It’s Time To Reconsider My Thoughts on GPUs in VDI…

Last year, I wrote that it was too early to consider GPUs for general VDI use and that they  should be reserved only for VDI use cases where they are absolutely required.  There were a number of reasons for this including user density per GPU, lack of monitoring and vMotion, and economics.  That lead to a Frontline Chatter podcast discussing this topic in more depth with industry expert Thomas Poppelgaard.

When I wrote that post, I said that there would be a day when GPUs would make sense for all VDI deployments.  That day is coming soon.  There is a killer app that will greatly benefit all users (in certain cases) who have access to a GPU.
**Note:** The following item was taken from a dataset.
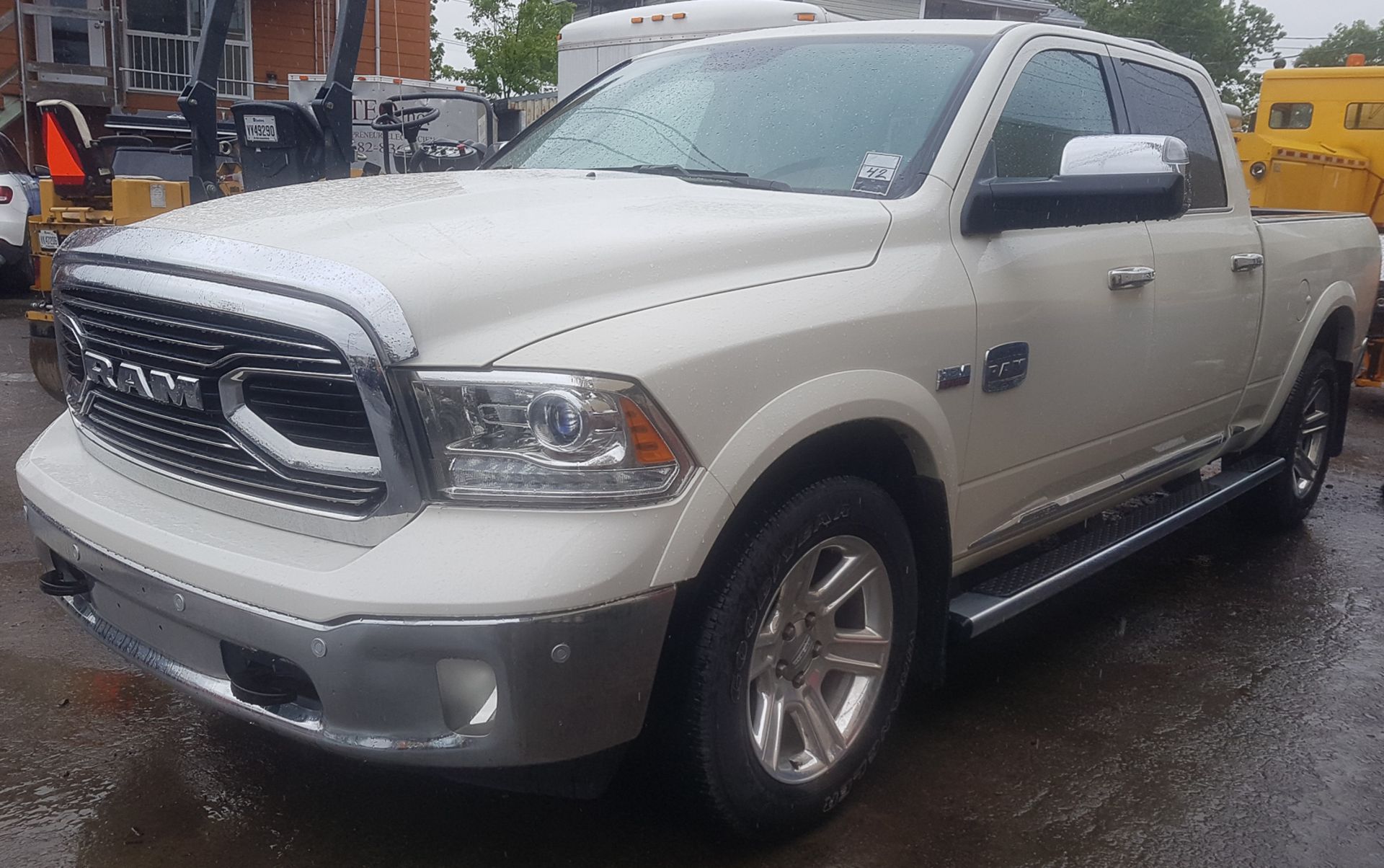 DODGE (2017) RAM 1500 LARAMIE LONGHORN 4X4 4 DOOR PICK-UP TRUCK WITH 5.7L HEMI V8 ENGINE,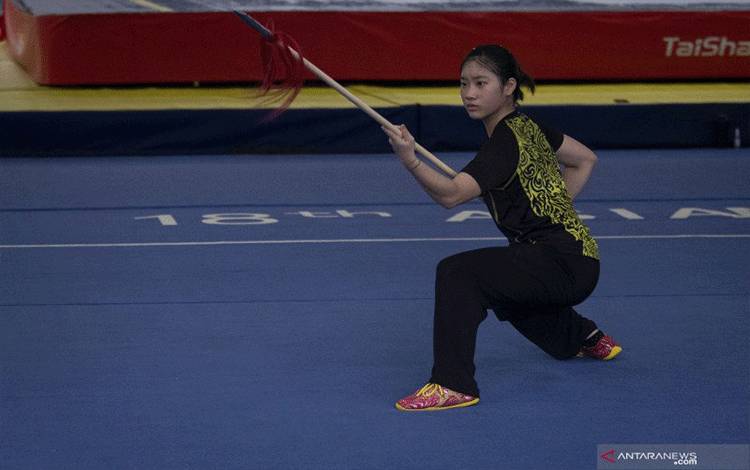 Atlet wushu nomor taolu Zoura Nebulani berlatih dalam Pelatnas di Jakarta, Kamis (25/2/2021). ANTARA FOTO/Aditya Pradana Putra/foc. (ANTARA/ADITYA PRADANA PUTRA)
Last week, I got to spend some time out at NVIDIA’s Headquarters in Santa Clara taking part in NVIDIA GRID Days.  GRID Days was a two day event interacting with the senior management of NVIDIA’s GRID product line along with briefings on the current and future technology in GRID.

Disclosure: NVIDIA paid for my travel, lodging, and some of my meals while I was out in Santa Clara.  This has not influenced the content of this post.

The killer app that will drive GPU adoption in VDI environments is Blast Extreme.  Blast Extreme is the new protocol being introduced in VMware Horizon 7 that utilizes H.264 as the codec for the desktop experience.  The benefit of using H.264 over other codecs is that many devices include hardware for encoding and decoding H.264 streams.  This includes almost every video card made in the last decade.

So what does this have to do with VDI?

When a user is logged into a virtual desktop or is using a published application on an RDSH server, the desktop and applications that they’re interacting with are being rendered, captured, encoded, or converted into a stream of data, and then transported over the network to the client.  Normally, this encoding happens in software and uses CPU cycles.  (PCoIP has hardware offload in the form of APEX cards, but these only handle the encoding phase, rendering happens somewhere else…

When GPUs are available to virtual desktops or RDSH/XenApp servers, the rendering and encoding tasks can be pushed into the GPU where dedicated and optimized hardware can take over these tasks.  This reduces the amount of CPU overhead on each desktop, and it can lead to snappier user experience.  NVIDIA’s testing has also shown that Blast Extreme with GPU offload uses less bandwidth and has lower latency compared to PCoIP.

Note: These aren’t my numbers, and I haven’t had a chance to validate these finding in my lab.  When Horizon 7 is released, I plan to do similar testing of my own comparing PCoIP and Blast Extreme in both LAN and WAN environment.

If I use Blast Extreme, and I install GRID cards in my hosts, I gain two tangible user experience benefits.  Users now have access to a GPU, which many applications, especially Microsoft Office and most web browsers, tap into for processing and rendering.  And they gain the benefits of using that same GPU to encode the H.264 streams that Blast Extreme uses, potentially lowering the bandwidth and latency of their session.  This, overall, translates into significant improvements in their virtual desktop and published applications experience*.

Many of the limitations of vGPU still exist.  There is no vMotion support, and performance analytics are not fully exposed to the guest OS.  But density has improved significantly with the new M6 and M60 cards.  So while it may not be cost effective to retrofit GPUs into existing Horizon deployments, GPUs are now worth considering for new Horizon 7 deployments.

*Caveat: If users are on a high latency network connection, or if the connection has a lot of contention, you may have different results.